Carol Cooper: Tell me about the line “Purple love and war/That’s all you’re headed for/But don’t show it.” That seems to be the pivotal statement on “All The Critics Love U.”

Prince: Oh, now you’re getting close. All is fair in love and war. Royal purple, red and blue, the colour of yin and yang when they become one. People are still not serious on a mass level about the war against racism and poverty, they’re also not ready for my kind of love. So yes, I’m making love and war in ways that society is not sympathetic to at the moment, so that’s why it’d be unwise to show it.

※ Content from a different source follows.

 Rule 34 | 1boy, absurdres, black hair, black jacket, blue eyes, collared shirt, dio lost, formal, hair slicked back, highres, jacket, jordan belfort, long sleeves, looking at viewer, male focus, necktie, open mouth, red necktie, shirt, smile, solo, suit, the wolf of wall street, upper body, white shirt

The war of Armageddon is coming whether we’re prepared for it or not, and in “Free” I talk a little more about the freedom of choice between good and evil. No government gave you that, God did. But governments don’t want you to remember that—which is why they put conscientious objectors in jail. But in the war that’s coming there’ll be no way to abstain. Whatever you do you’ll have to be behind one flag or another. My flag is freedom, purple, unconditional love.

But you would have to admit with all the sex-related disease around, from herpes to AIDS, that it would discourage people from following your advice into free, polymorphous sex.

Prince: All these things are prophesy. I wouldn’t tell anybody not to take precautions . . .

Your philosophy doesn’t mention any.

Prince: You can look at it two ways. Either other aspects of the wrong way people are using their environment is making people sick, or these diseases are just what they call them—the Wrath of God. All I say is that you shouldn’t repress your sexual feelings just because somebody official told you to. In many places in the world today you’re not supposed to fuck just like you’re not supposed to think. Part of thinking for yourself is avoiding people who are going to give you diseases—mental or physical.